Crawled caption data ::
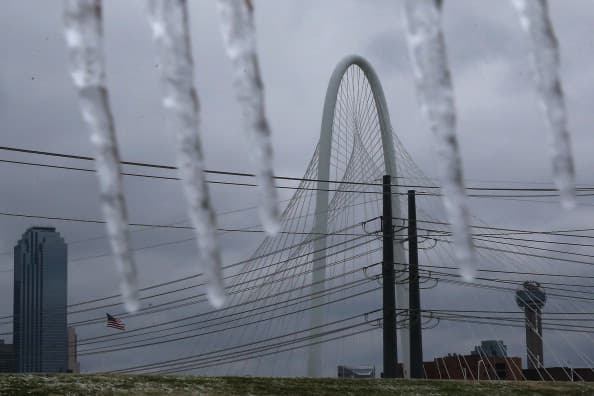 Ha pasado un mes de la tormenta invernal. 
<b>¿Hasta cuándo puedo solicitar asistencia?</b>
<br>
<br>Tienes hasta 60 días después de la declaración de desastre para solicitar asistencia a FEMA. La fecha límite para solicitar asistencia en Texas es el 21 de abril.
<br>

What you will do ::
All records are to be reproduced exactly; the pictures are to be omitted.

Answer box ::
 Ha pasado un mes de la tormenta invernal. 
<b>¿Hasta cuándo puedo solicitar asistencia?</b>
<br>
<br>Tienes hasta 60 días después de la declaración de desastre para solicitar asistencia a FEMA. La fecha límite para solicitar asistencia en Texas es el 21 de abril.
<br>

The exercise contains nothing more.